#104 Does God Want Us to Be Rich

The Christian Economist

#104 Does God Want Us to be Rich?

God wants us to be rich, but that’s not the same as wanting us to be wealthy.
God wants us to obey, which often results in wealth.

That question was posed at a men’s Bible study this week.  Good question.  It’s always a good question when we ask, “What does God want?”  Because Who knows the mind of God?

You must be rich!

When my Dad’s health was failing, I would often leave my early morning econ class and take the direct flight from DFW to Sioux Falls to spend a few days with him.  One night, very late, the kind healthcare giver noticed me in the hall and commented, “You’re here from Dallas again, you must be rich.”  I responded, “I’m rich, but I’m not wealthy.  I’m rich because I get to spend my Dad’s last days with him.  I’m rich because I have a wife who loves me.  I’m rich because my extended family cares about me.  I’m rich because I have a church group that helps me understand the scriptures.  I’m rich because I have fellow professors at Dallas Baptist University who help me integrate faith with learning in the classroom.  

Teaching at a Christian University is not the path to great wealth.  Oh, you want to know what is?  BOIL.  If that doesn’t sound familiar, it’s because I made it up.  A high percentage of rich people made their wealth in Business, Oil, and Land.  Now, if you have a business that deals in real estate, you get a twofer.  If that land has oil on it, you get a three-fer!  Now, just go get wealthy.  The problem is: That data is from the past.  Who knows what will make people wealthy in the future?

Get the point: God wants us to be rich.  Does he want us to be wealthy?

Be or Do?

In The Call, Oz Guinness explains that we have two calls.  The first is to BE a Christian, the second is to DO something.  The order of our calls is important.  Oh, and if you forget how to spell Guinness, look in your refrigerator.  Yes, he’s the descendant of the Irish brewer who started the Guinness brewery.  For details about how Guinness fulfilled God’s creational intent by brewing beer, I’ll suggest you do a Google search for “God and Guinness.”  

Hugh Whelchel said, “God made something out of nothing.”  Our call is to make something out of something.”  We are called to transform the world by supplying goods and services our neighbors demand.  
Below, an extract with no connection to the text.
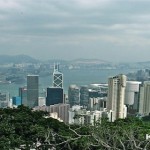 Hong-kong by koming up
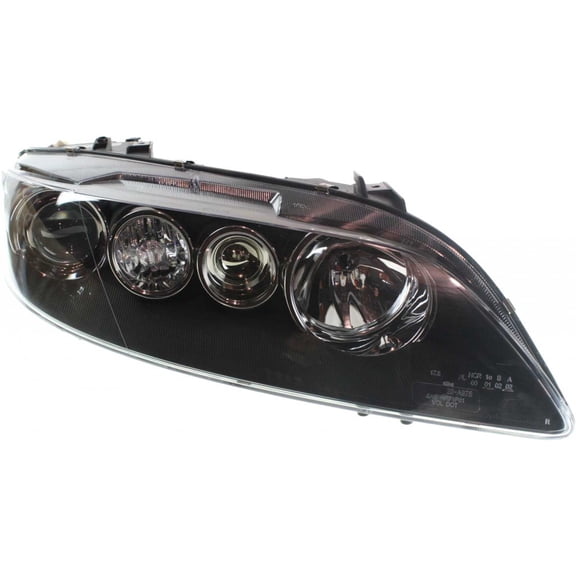 For Mazda 6 2006-2008 Headlight Assembly Unit Sport Package Passenger Side | MA2503135 | GP7B-51-0K0B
In Corporate Cults, I explain that our work should be what we do, not who we are.  Golfer Tiger Woods said simply, “Golf is what I do, it’s not who I am.”

We’re supposed to find our identity in Christ, not in our behaviors.  One of my favorite phrases is “In most religions, you behave to be saved.  But in Christianity, we believe we are saved to behave.  The order is important. 

A businessman in Brazil told me “To be successful, I don’t need to BE a Christian, but I need to act like one.”  That’s sounds hypocritical, but that’s not what he meant at all.  His point was that the behaviors that accompany Christianity happen to align with successful business practices.  Sergiy Saydometov and I include many of them in our book Biblical Economic Policy.  Just a few:  Don’t steal, don’t covet, use honest measures, and work is good.  Those Christian practices make a person rich. 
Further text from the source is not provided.